Train on 8083 samples, validate on 899 samples
Epoch 1/2
Epoch 2/2
Test loss: 0.8634419657774303
Test accuracy: 0.8161175422974176


**A little improvement in accuracy i.e 0.816**

## Try with "freq"

In [27]:
(x_train, y_train), (x_test, y_test) = reuters.load_data(num_words=None, test_split=0.2)

x_train = tokenizer.sequences_to_matrix(x_train, mode='freq')
x_test = tokenizer.sequences_to_matrix(x_test, mode='freq')

y_train = keras.utils.to_categorical(y_train, num_classes)
y_test = keras.utils.to_categorical(y_test, num_classes)

print(x_train[0])
print(len(x_train[0]))
print(max(x_train[0]))

[0.         0.01149425 0.         ... 0.         0.         0.        ]
10000
0.06896551724137931


In [28]:
model = Sequential()
model.add(Dense(512, input_shape=(max_words,)))
model.add(Activation('relu'))
model.add(Dropout(0.5))
model.add(Dense(num_classes))
model.add(Activation('softmax'))
model.compile(loss='categorical_crossentropy', optimizer='adam', metrics=['accuracy'])

In [29]:
history = model.fit(x_train, y_train, batch_size=batch_size, epochs=epochs, verbose=1, validation_split=0.1)
score = model.evaluate(x_test, y_test, batch_size=batch_size, verbose=1)
print('Test loss:', score[0])
print('Test accuracy:', score[1])

Train on 8083 samples, validate on 899 samples
Epoch 1/2
Epoch 2/2
Test loss: 1.6476916122521446
Test accuracy: 0.5854853072393609


**Decrease in accracy. Is it bad activation method then? Frequency values are too small. As we can see maximum train shows only 0.068. So, its too hard for model to learn **

## Trying "tfidf"

In [30]:
(x_train, y_train), (x_test, y_test) = reuters.load_data(num_words=None, test_split=0.2)

tokenizer.fit_on_sequences(x_train) # one additional step

x_train = tokenizer.sequences_to_matrix(x_train, mode='tfidf')
x_test = tokenizer.sequences_to_matrix(x_test, mode='tfidf')

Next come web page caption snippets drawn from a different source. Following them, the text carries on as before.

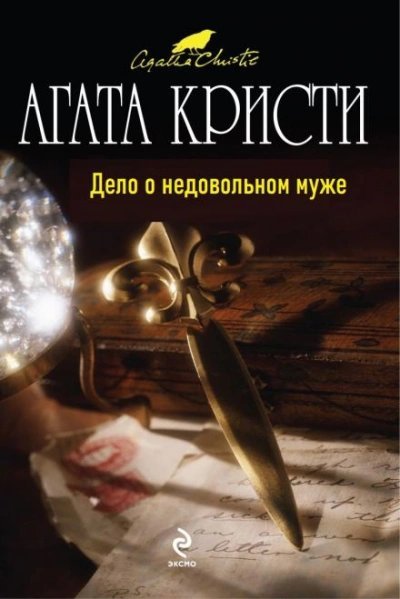 обложка аудиокниги Дело о недовольном муже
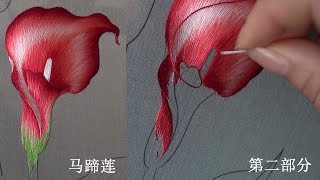 Hand embroidery chinese suzhou embroidery Calla Lily2 broderie ricami [upl. by Dnalyag]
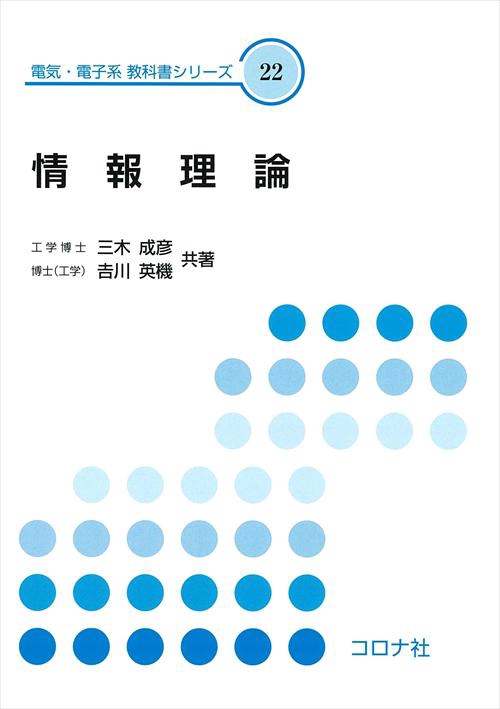情報理論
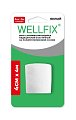 Купить бинт когезивный самофиксирующийся веллфикс (wellfix) 4см х 4м белый 1 шт. в Семенове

y_train = keras.utils.to_categorical(y_train, num_classes)
y_test = keras.utils.to_categorical(y_test, num_classes)

print(x_train[0])
print(len(x_train[0]))
print(max(x_train[0]))

[0.         0.69309152 0.         ... 0.         0.         0.        ]
10000
6.214608098422191


In [31]:
model = Sequential()
model.add(Dense(512, input_shape=(max_words,)))
model.add(Activation('relu'))
model.add(Dropout(0.5))
model.add(Dense(num_classes))
model.add(Activation('softmax'))
model.compile(loss='categorical_crossentropy', optimizer='adam', metrics=['accuracy'])

In [32]:
history = model.fit(x_train, y_train, batch_size=batch_size, epochs=epochs, verbose=1, validation_split=0.1)
score = model.evaluate(x_test, y_test, batch_size=batch_size, verbose=1)
print('Test loss:', score[0])
print('Test accuracy:', score[1])

Train on 8083 samples, validate on 899 samples
Epoch 1/2
Epoch 2/2
Test loss: 1.0457381822122385
Test accuracy: 0.8023152270703473


**Check training accuracy is 0.91 and validation accuracy is 0.81. Test accuracy is only 0.80. It shows we have an overfitting between Epoch 1 and epoch 2.**<br>
Our best model seems to be with "count" activation method.